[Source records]
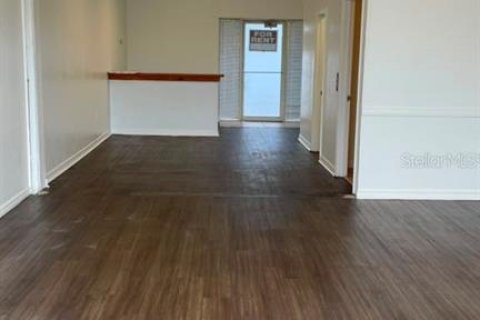 Commercial property in Tampa, Florida 1340.58 sq.m. № 2230337 - photo 2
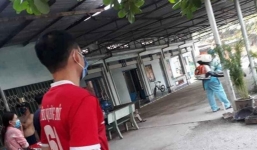 Một khu trọ bị cách ly vì có người đi cùng chuyến bay với bệnh nhân nhiễm Covid-19 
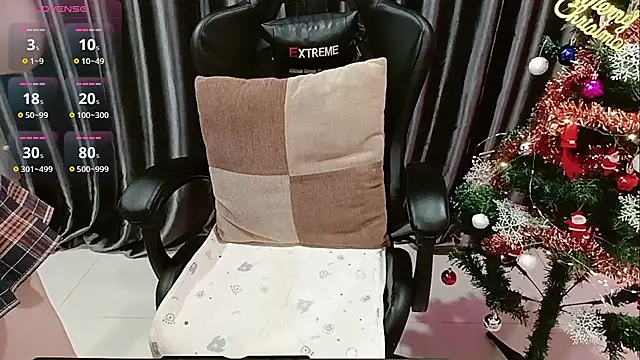 Yuki-yio online show from 12.05.25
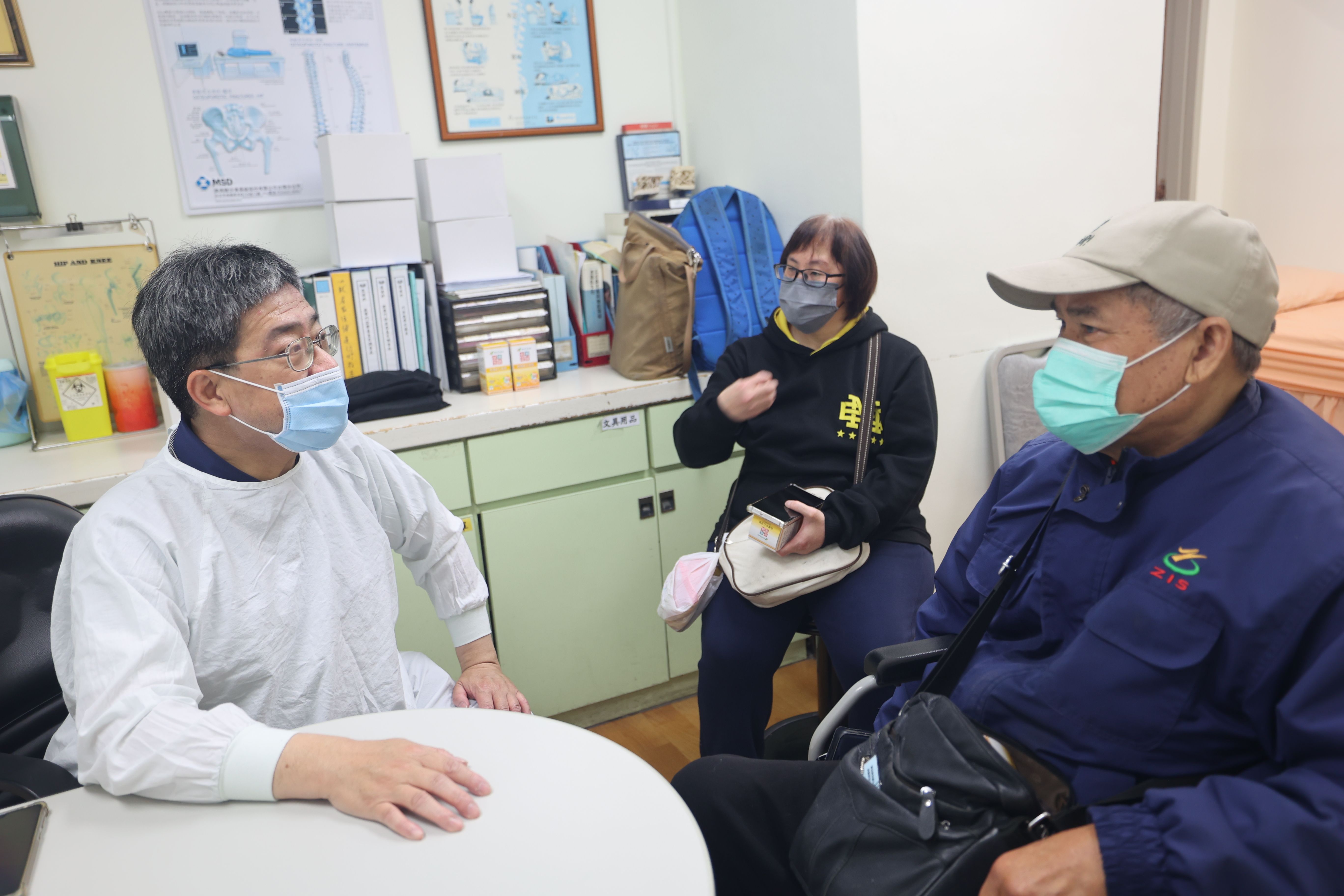 花蓮慈院復健科楊士賢醫師，關心病友平常的復健和身體狀況。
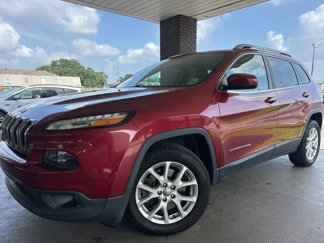 Used 2015 Jeep Cherokee Latitude w/ Comfort/Convenience Group image 1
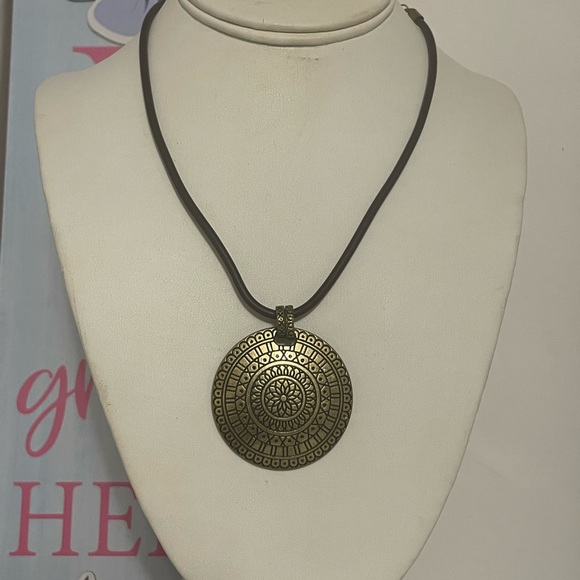 NEW YORK FASHION NECKLACE - Picture 6 of 9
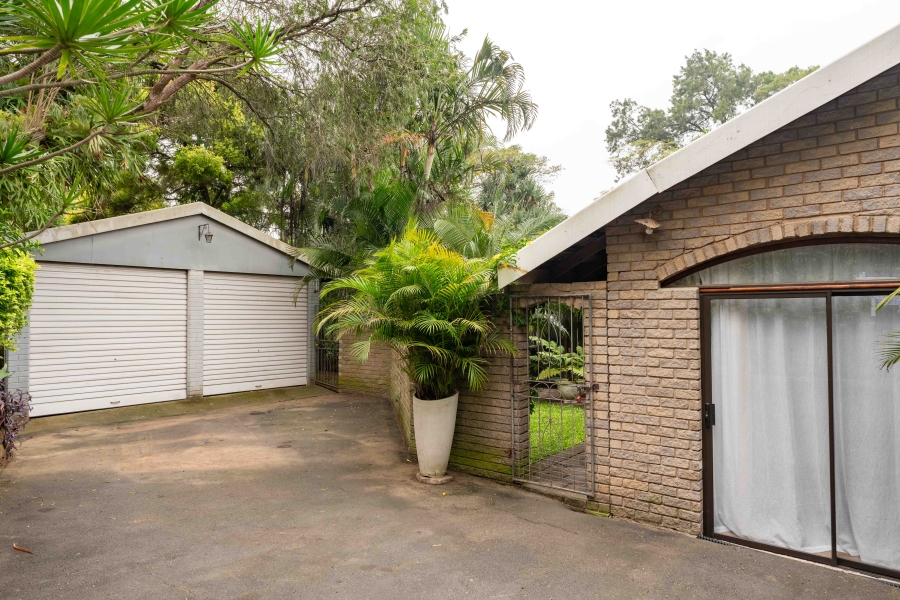 3 Bedroom Property for Sale in Amanzimtoti KwaZulu-Natal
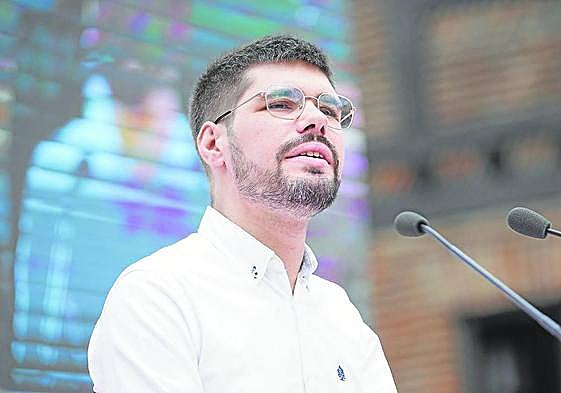 Lander Martínez, durante un mitin de la pasada campaña electoral.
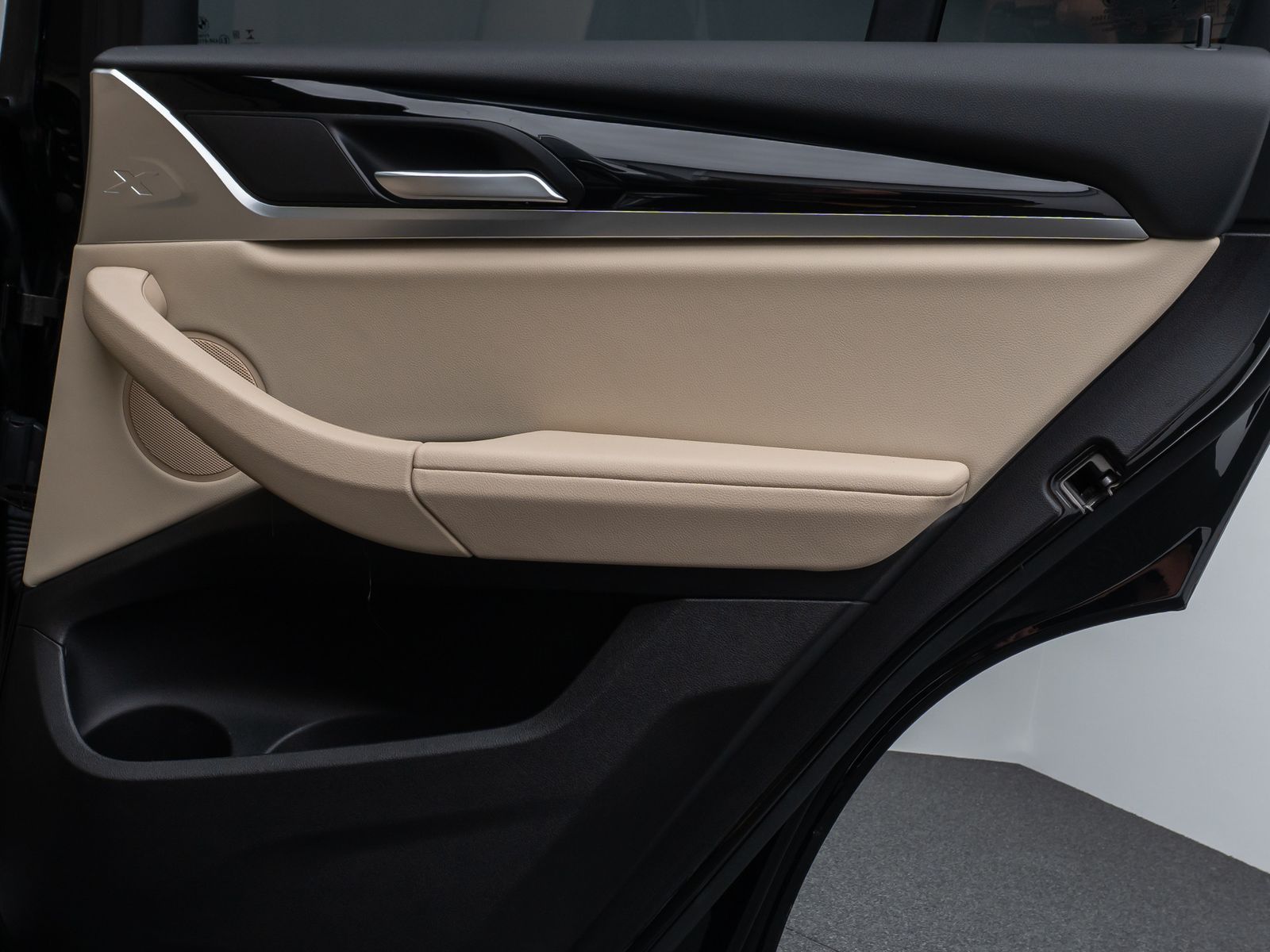 Fahrzeugabbildung BMW X3 xD20i Panorama Kamera DAB CockPit+ LED Sport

» **Brief**:
Every line above must appear in the answer unchanged, and no picture may appear in it.

» **Response**:
 Commercial property in Tampa, Florida 1340.58 sq.m. № 2230337 - photo 2
 Một khu trọ bị cách ly vì có người đi cùng chuyến bay với bệnh nhân nhiễm Covid-19 
 Yuki-yio online show from 12.05.25
 花蓮慈院復健科楊士賢醫師，關心病友平常的復健和身體狀況。
 Used 2015 Jeep Cherokee Latitude w/ Comfort/Convenience Group image 1
 NEW YORK FASHION NECKLACE - Picture 6 of 9
 3 Bedroom Property for Sale in Amanzimtoti KwaZulu-Natal
 Lander Martínez, durante un mitin de la pasada campaña electoral.
 Fahrzeugabbildung BMW X3 xD20i Panorama Kamera DAB CockPit+ LED Sport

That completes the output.